» To do: Return exactly the lines of the records below, starting at the line that contains "Mulher é presa" and ending at the line that contains "Vintage Made in", with both of those lines kept.

» Input material:
● ● ● ● ●

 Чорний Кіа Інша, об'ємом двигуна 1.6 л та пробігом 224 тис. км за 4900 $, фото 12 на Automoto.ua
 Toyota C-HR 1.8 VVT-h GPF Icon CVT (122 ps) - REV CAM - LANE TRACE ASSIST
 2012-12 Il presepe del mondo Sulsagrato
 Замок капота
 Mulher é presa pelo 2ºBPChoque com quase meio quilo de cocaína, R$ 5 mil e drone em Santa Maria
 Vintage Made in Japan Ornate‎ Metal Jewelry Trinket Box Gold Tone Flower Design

● ● ● ● ●

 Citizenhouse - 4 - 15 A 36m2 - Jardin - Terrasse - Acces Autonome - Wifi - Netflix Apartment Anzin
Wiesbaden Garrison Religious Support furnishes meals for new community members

● ● ● ● ●

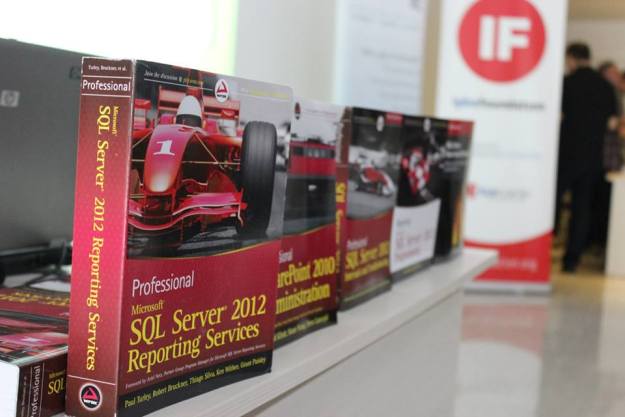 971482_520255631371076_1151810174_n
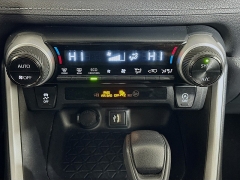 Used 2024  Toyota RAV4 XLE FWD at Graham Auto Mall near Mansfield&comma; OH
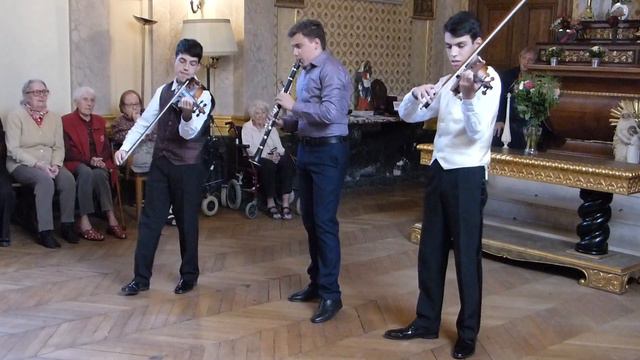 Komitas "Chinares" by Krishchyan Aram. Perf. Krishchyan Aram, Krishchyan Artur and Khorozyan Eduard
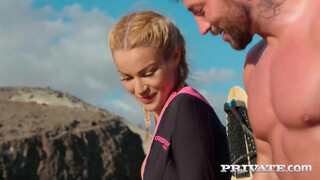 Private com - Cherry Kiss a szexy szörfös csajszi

● ● ● ● ●

» Exercise output:
 Mulher é presa pelo 2ºBPChoque com quase meio quilo de cocaína, R$ 5 mil e drone em Santa Maria
 Vintage Made in Japan Ornate‎ Metal Jewelry Trinket Box Gold Tone Flower Design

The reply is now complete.